Solera National Bank should have been one of those banks that benefited from opening near the eve of the financial crisis. Instead, a regulatory order stymied the bank just as it began revving up.
At least the $146 million-asset bank no longer has to contend with the regulatory order. Last week, Solera announced that the Office of the Comptroller of the Currency had lifted the order.
With a war chest of capital, Solera is looking to expand aggressively through the recent addition of lenders and the introduction of a portfolio mortgage business. With a leverage ratio of nearly 19%, the bank could also be motived to pursue acquisitions.
"We are thrilled about having the order lifted. We really went at it full-bore to address each and every article," says Douglas Crichfield, Solera's president and chief executive. "We have room for significant growth. Without taking in any additional capital, we could double our loan portfolio, and we'd like to do that in the next year."
Solera opened for business in September 2007 with the intention of building a community bank geared specifically to Denver's Hispanic community. Crichfield took the helm of the bank a year later. By the end of 2009, the bank was profitable; it has reported a profit for all but two quarters since.
Some de novos created just before the financial downturn have found an interesting terrain. As older banks struggled with credit issues, the younger banks could focus on offensive. For instance, Level One Bank in Farmington Hills, Mich., was also founded in the fall of 2007, and it has struck two deals with the Federal Deposit Insurance Corp. to buy failed banks.
Solera aspired to be among such consolidators, but those plans were shelved in early 2010 when the OCC issued the bank a consent order that largely targeted a need for improved compliance with the Bank Secrecy Act.
"They felt our monitoring wasn't robust enough. We were banking a currency exchange company," Crichfield says. "We exited that business, but we still got the order, that's how it works."
Solera still tried to make a deal work. In August 2010, it announced plans to buy a branch in Lakewood from Liberty Savings Bank, a $1.1 billion-asset thrift in Wilmington, Ohio, that was shedding branches across the country at the time.

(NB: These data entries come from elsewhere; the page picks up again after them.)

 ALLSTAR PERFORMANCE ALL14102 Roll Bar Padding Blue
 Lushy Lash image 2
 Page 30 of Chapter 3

The deal would have transferred $40 million in deposits and $30 million in loans to Solera. Crichfield says the deal was never approved. Around the same time that Solera announced the branch purchase, the OCC amended the BSA-related order to include credit administration issues.
With the order lifted, Crichfield says Solera will look for ways to grow beyond its one branch. "I'd like a little broader coverage of Colorado," he says. "We'd look to add a couple of locations, but [we] don't expect to be on every corner in the Denver metro area."

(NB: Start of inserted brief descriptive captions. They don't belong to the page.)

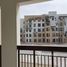 2 Schlafzimmer Appartement zu verkaufen im Al Khail Heights, Al Quoz 4, Al Quoz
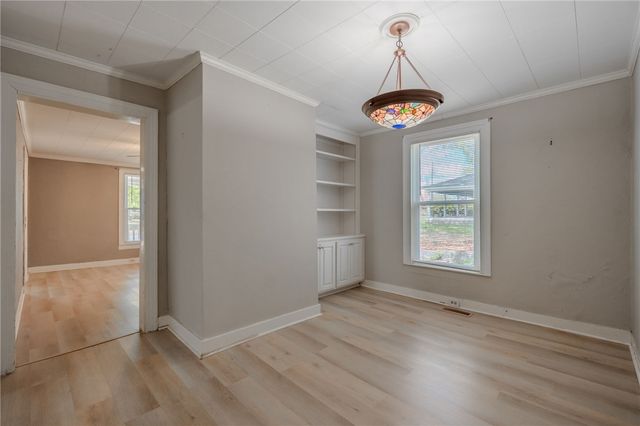 151 Glenn Springs Road, Pacolet, SC 29372
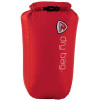 Robens Dry Bag 8L / red (690080) - зображення 1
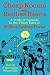 Cheap Rooms and Restless Hearts: A Study of Formula in the Urban Tales of William Sydney Porter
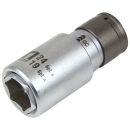 ミツトモ　ＱＣＷソケット１９－２４　６　ＩＭ４Ｗ１９２４ｏ－６Ｋ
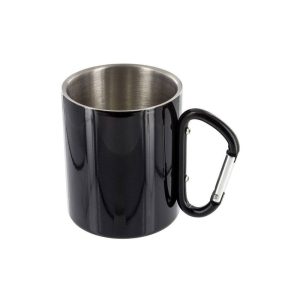Highlander | Karabiner Cup | 300ml
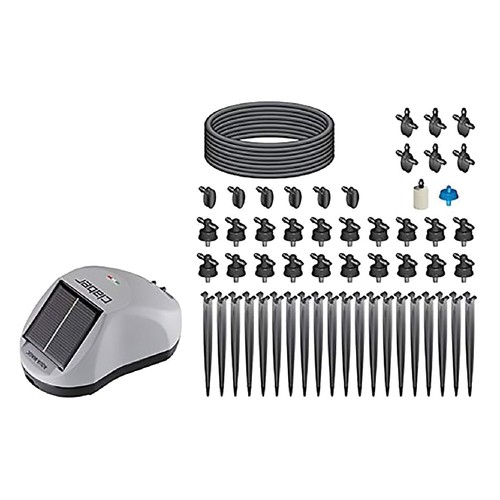 Claber kit microirrigazione - claber,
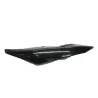 Cache carenage coque arriere gauche YAMAHA XJ 600 S 1996-2002 DIVERSION Cache carenage coque arriere gauche YAMAHA XJ 600 S 1996-2002 DIVERSION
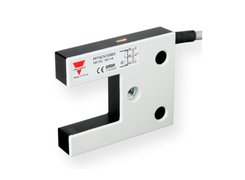 Fork Photo Sensor. Slot width 30 mm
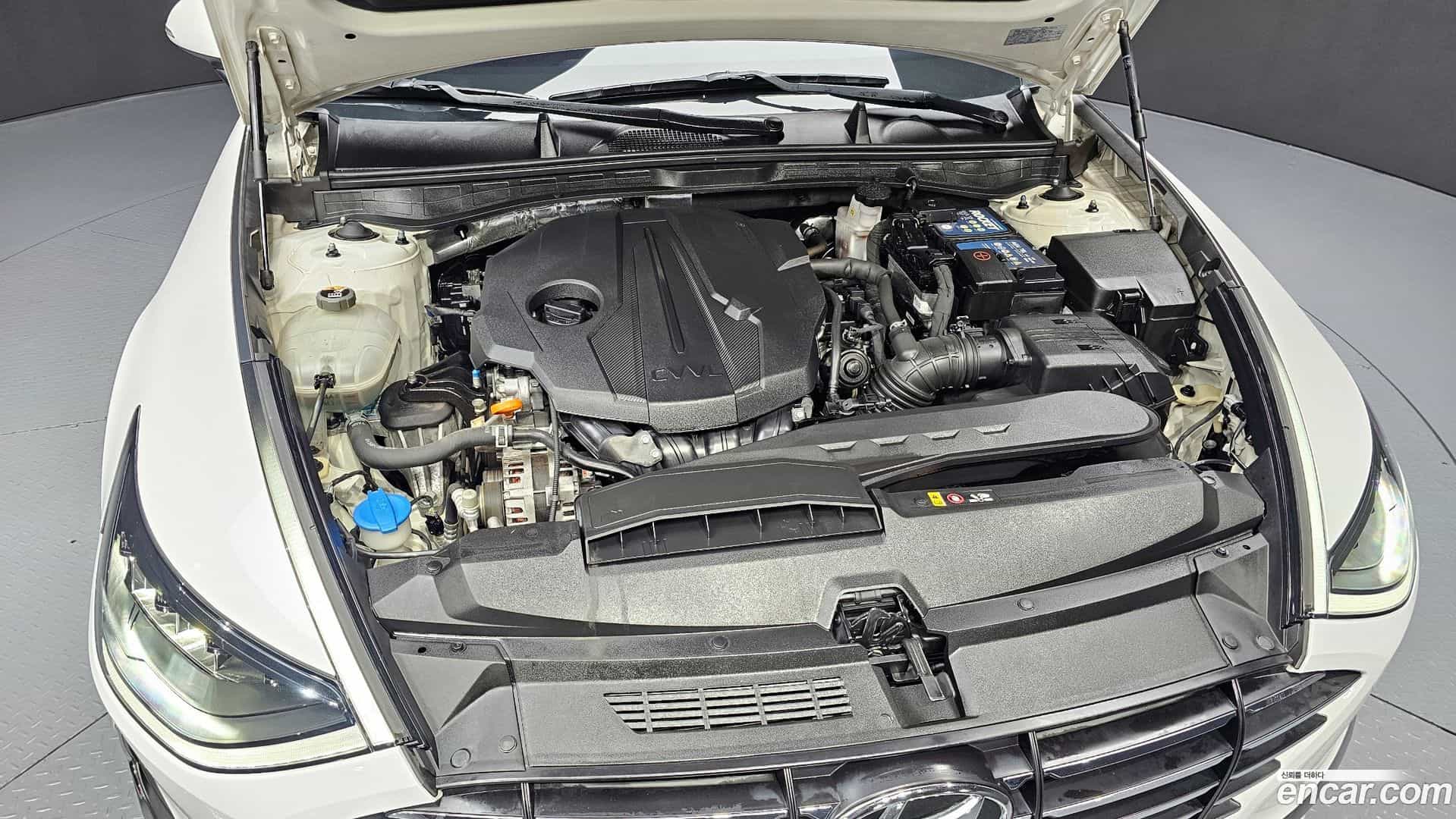 Sonata Hyundai 2019.11-INNER-006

Crichfield, however, seems particularly bullish on internal efforts to grow the loan portfolio. To that end, the bank recently launched a portfolio residential product.

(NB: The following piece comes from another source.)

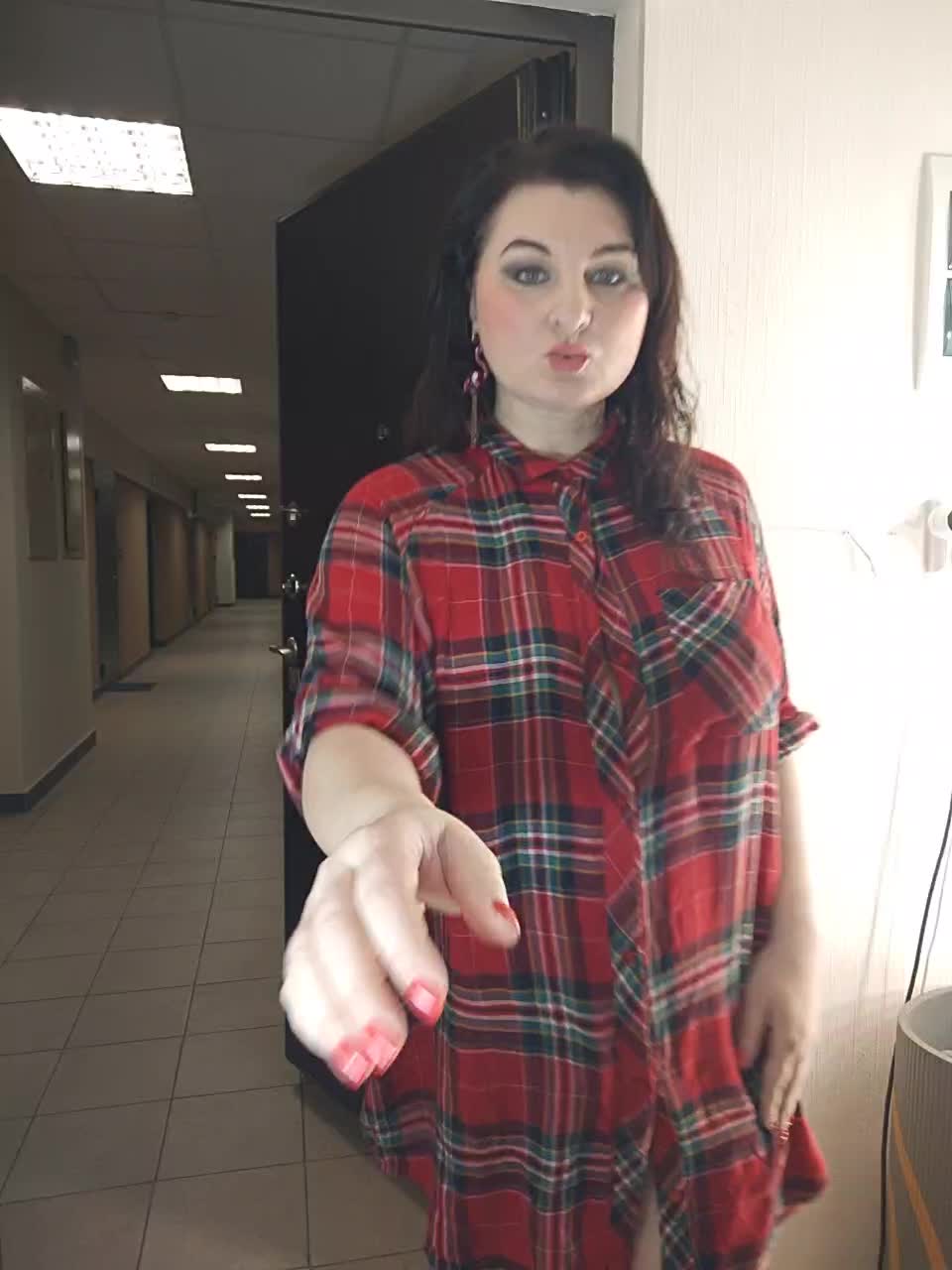 View or download file wettigress on 2024-10-22 from bongacams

"It is a good product for somebody that needs to close a loan quickly, but who may not need the loan for very long. It has a low loan-to-value ratio and the borrowers have to have higher credit scores," Crichfield says of the non-conforming loan, which was created because of customer demand.
"We got tired of turning people away," he says. "We want to be able to serve the fuller array of needs of our customers."
Crichfield says Solera also has three new commercial-and-industrial lending officers who are ready to pounce.
"I like the C&I business, and I think we have a good platform to expand that product offering, but it is intensely competitive and we are fighting to gain share," Crichfield says, although Denver is not a major C&I market.
Solera could use its focus on the Hispanic market to gain a competitive edge, says Gregory Fairchild, the executive director of the Tayloe Murphy Center and a professor at the University of Virginia's Darden School of Business. Though the Hispanic community has acutely felt pain from the downturn of the construction market, there are still plenty of good customers who are frequently overlooked by other banks.
"The good news is that it might really just be a question of separating the wheat from the chaff in a yet-to-be-harvested field," Fairchild says.